Elevation view of final structure. Field-placed concrete for end walls at abutments and edge beams at piers is hatched and denoted
as “24 hr concrete.” Figure: CHA Consulting.

The decked beam units were erected over a three-day period. The steel diaphragms and elastomeric bearings were reinstalled at the permanent bridge location. The weight of the decked beam units was by far the most significant challenge in erecting the bridge. Each decked beam for the center span weighed over 180,000 lb. Two small cranes were considered to lift the decked beam units, but there was not sufficient room to construct crane pads for them. Instead, the contractor used one 800- ton crane and a temporary bulkhead built up to the edge of bent 3 to provide maximum lifting capacity. With the decked beam units erected, edge beams and end walls were promptly formed and cast with accelerated-strength concrete that achieved its 4000- psi compressive strength in 24 hours. The 9-in.-wide closure pours were filled with ultra-high-performance concrete (UHPC) supplied by LafargeHolcim. The challenges of working with the UHPC included mixing on site and properly sealing the formwork. This proprietary material was significantly more expensive than standard ready-mixed concrete and required additional lead time to procure.

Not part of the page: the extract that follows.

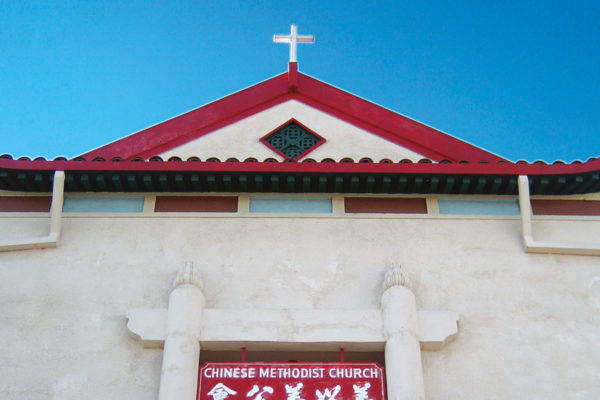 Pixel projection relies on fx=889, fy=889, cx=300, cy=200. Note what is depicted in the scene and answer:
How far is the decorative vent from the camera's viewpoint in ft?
45.2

Topside forms were used to allow the top of the closure pour strips to be ¼ in. higher than the top of the deck to ensure no low points in the bridge deck. The deck was ground to remove the ¼ in. overpour and minor undulations. After deck grooving and completion of the roadway approaches, the road was reopened on schedule after a closure of only 60 days.

Conclusion

This project is an excellent example of an ABC application using readily available precast concrete beams. The method helps contractors complete bridge construction more efficiently by working away from traffic, and provides a schedule advantage over traditional deck construction. Typical prestressed concrete decked beams require special detailing because the camber of the beams is not usually consistent with the roadway profile. Deck cross slopes and differential camber can also be problematic. To address these issues, variable top flange thickness or variable thickness overlays are sometimes required. The decked bulb-tee units in this project were built with a standard beam haunch, allowing the profile and cross slope to be cast into the deck, significantly improving geometry control for the finished product. This concept can be applied to a wide range of ABC projects constructed with prestressed concrete bridge elements.